Latte: la disinformazione corre sul video, ed è sostenuta da chi dovrebbe contrastarla

Capita di tanto in tanto che il sito web Il Fatto Alimentare riesca a sorprenderci, e a piacerci, per inchieste e articoli un po’ (o anche molto) controcorrente, schierati dalla parte dei consumatori e poco – o per nulla – allineati all’informazione mainstream. A volte invece, come questa volta, il nostro stupore acquisisce un segno opposto, negativo o colpevolmente negativo, e questo perché a sollecitarlo sono messaggi errati, affermazioni fuori luogo, e più in generale un’informazione che appare vedova del necessario approccio critico.

È il caso, questa volta, di un articolo di dieci giorni fa – scusateci per questo: la settimana scorsa ci era parso un pezzo come mille altri – intitolato “Quale latte per la colazione?
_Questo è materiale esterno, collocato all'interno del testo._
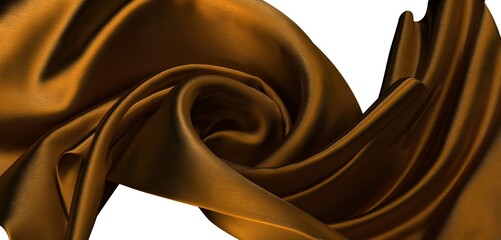 Poster - Elegant brown silk fabric, flowing and luxurious. Perfect for fashion, design, and texture backgrounds.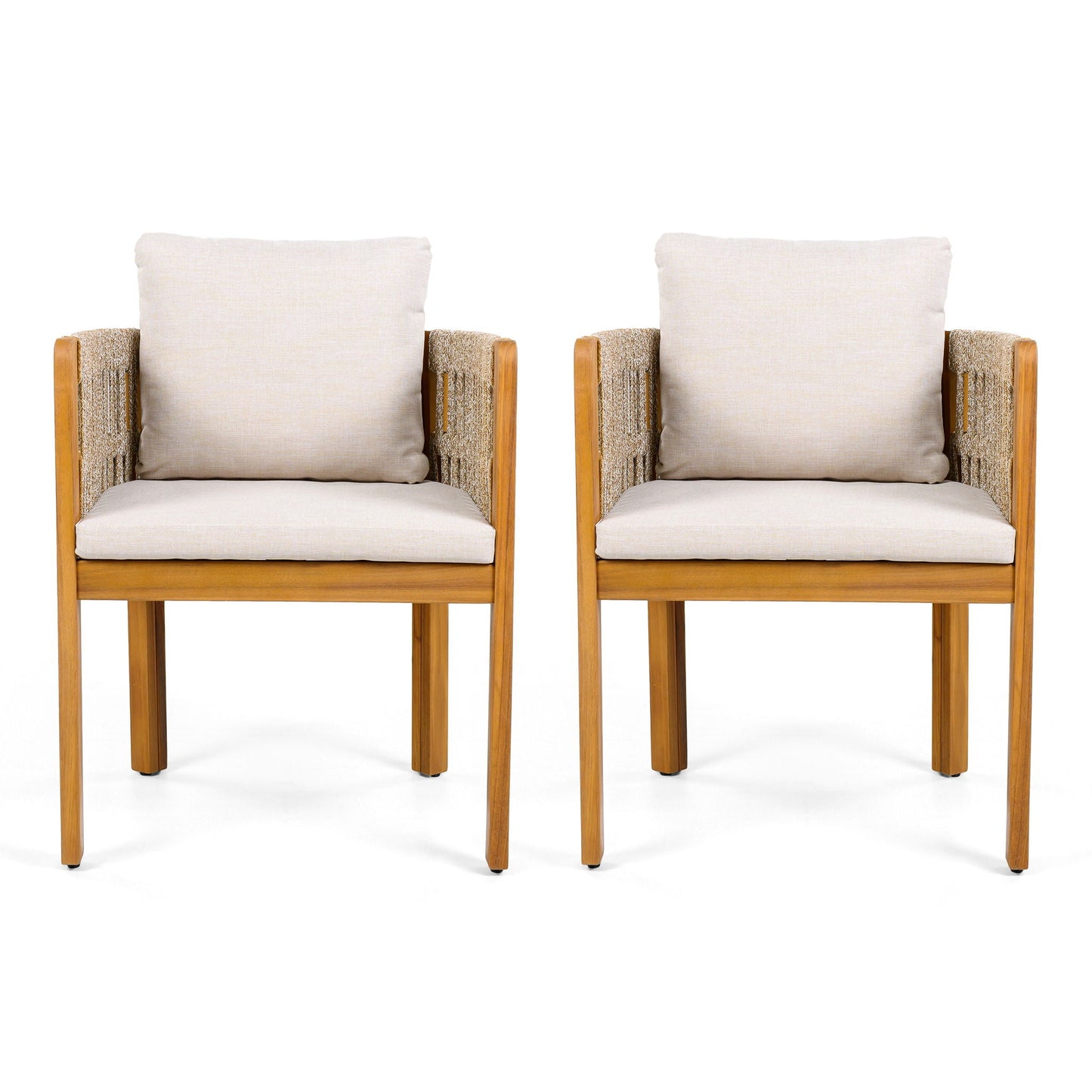 Outdoor Dining Chairs With Mix Rope Handles (Set of 2)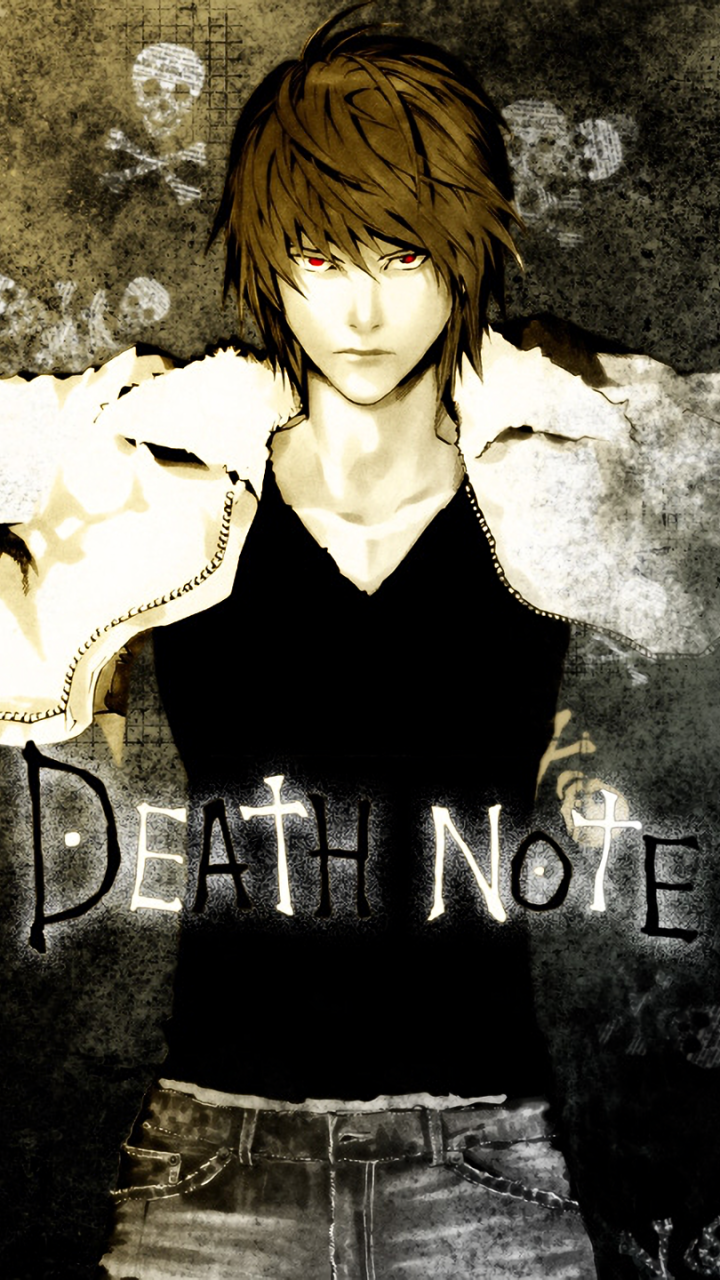 Phone wallpaper of Light Yagami (Death Note) in anime style: standing with a white coat draped over his shoulders, pale face and red eyes, grungy skull background and DEATH NOTE text.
Il video dell’Istituto zooprofilattico delle Venezie che spiega le differenze”. Un articolo di poche righe, che include un video che per vari motivi non può e non deve lasciarci indifferenti.
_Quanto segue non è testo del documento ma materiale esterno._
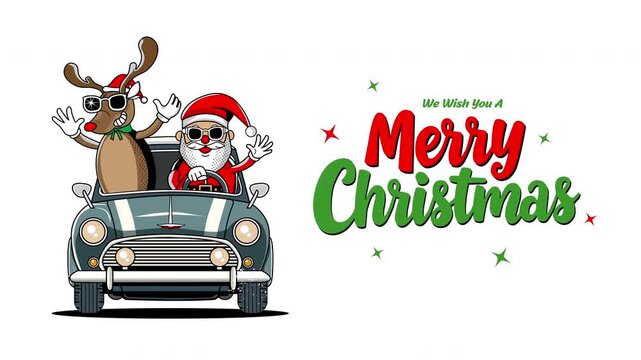Merry Christmas Animation with Santa and Reindeer in Classic Vehicle Vector Art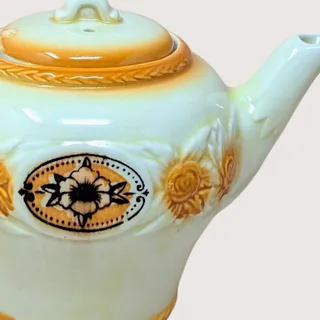 Photo of Vintage Porcelier Floral Medallion Ceramic Teapot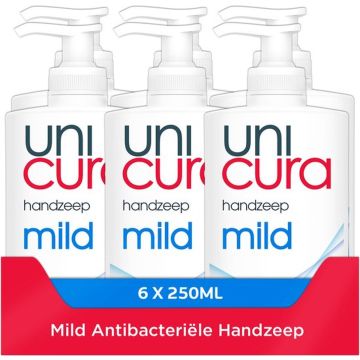 6x UNICURA ZEEP VLOEIBAAR POMP MILD 250ml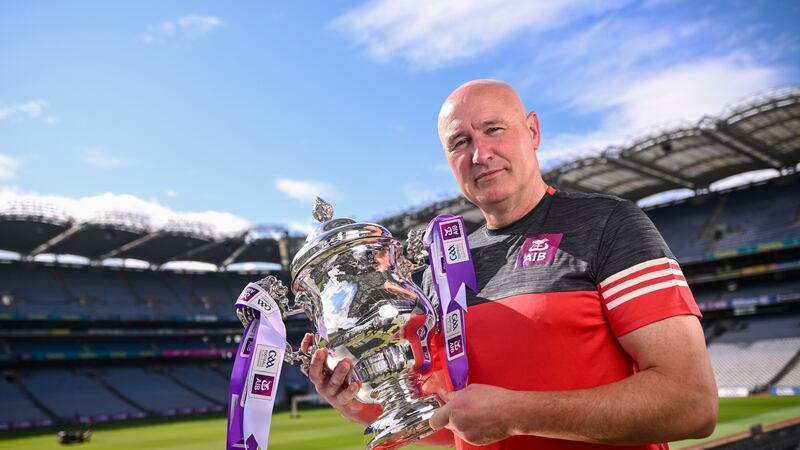Down veteran Conor Deegan with the Tailteann Cup at Croke Park ahead of Saturday's final PICTURE: Sportsfile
Bene, anzi male, malissimo, perché questo video – che per di più è prodotto da un ente pubblico, che dovrebbe avere il compito di educare – diseduca, confonde, semina ignoranza. Doppio errore quindi (quello di un sito web consumer e di un istituto zooprofilattico)? No, un errore al quadrato, perché l’errore di chi ha realizzato il prodotto visuale (che incorporiamo in calce a questo articolo) è avallato dall’errore di chi ne promuove l’esistenza – confermandone tesi e lacune – pur essendo un giornale che da sempre si definisce “dalla parte del consumatore”. Ed è qui il punto: perché la Redazione del sito web, che firma il pezzo, non si preoccupa minimamente di criticarlo quel video, di metterne in discussione il contenuto, di accennare ad alcunché del molto che se ne dovrebbe dire.
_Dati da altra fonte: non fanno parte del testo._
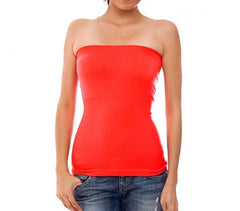 F3112 Pack de 6 tops bustiers longs assortiment de couleurs mod. Simple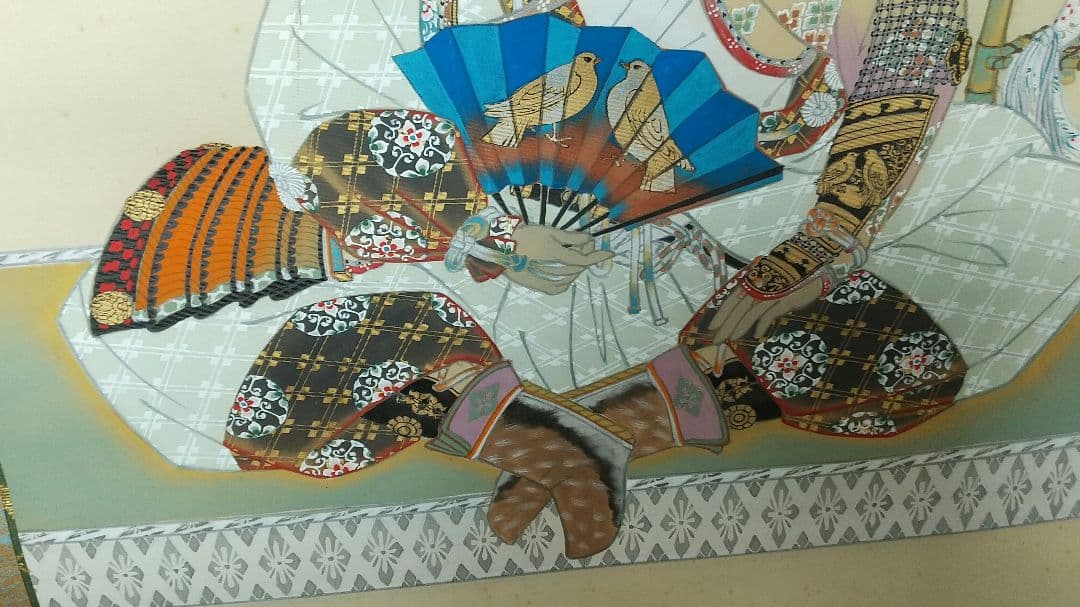 日本画家 植中直斎 義家朝臣像 絹本掛軸 奈良 共箱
In sostanza nei 2’50” di “Quali sono i principali tipi di latte in commercio?” (questo il titolo del video, disponibile su YouTube e incorporato nell’articolo) i responsabili del Laboratorio comunicazione dell’Istituto Zooprofilattico Sperimentale delle Venezie trovano solo il tempo di parlare dell’ovvio – quello che tutti sanno: latte crudo, latte pastorizzato, latte uht, latte microfiltrato – dopo averci rammentato che i latti in commercio possono essere di vacca (apprezzabile che non la definiscano “mucca”!), asina, capra, ma si “dimenticano” – colpevolmente – proprio quel che sarebbe necessario dire, cioè quanto la gente in genere non considera o non sa (e trascurando il meglio!): che esistono anche il latte fieno Stg, il latte dell’erba e il latte A2. I primi due che sono i latti che fanno bene alla salute, il terzo, che risulta digeribile a chi crede di essere intollerante al lattosio.

Un’operazione ostile ai latti virtuosi: perché?
Più che di lacune e di semplici dimenticanze, crediamo sia più corretto parlare di disinteresse. O di carenza di interesse da parte di certi enti nei confronti della necessità di spostare l’attenzione dei consumatori su prodotti oggettivamente migliori. Prodotti che – proprio perché ancora poco presenti sul mercato, rispetto ad altri – meriterebbero un’adeguata promozione, e che una corretta informazione fosse veicolata. Per cambiare le cose, per smuovere il mercato verso produzioni ecosostenibili, veramente rispettose del benessere animale, e più semplicemente utili per la salute dei consumatori. Se è vero, com’è vero, che ciò dovrebbe ricadere tra gli interessi di un ente che si occupa di salute pubblica, e di un sito web che da sempre si dichiara “dalla parte dei consumatori”.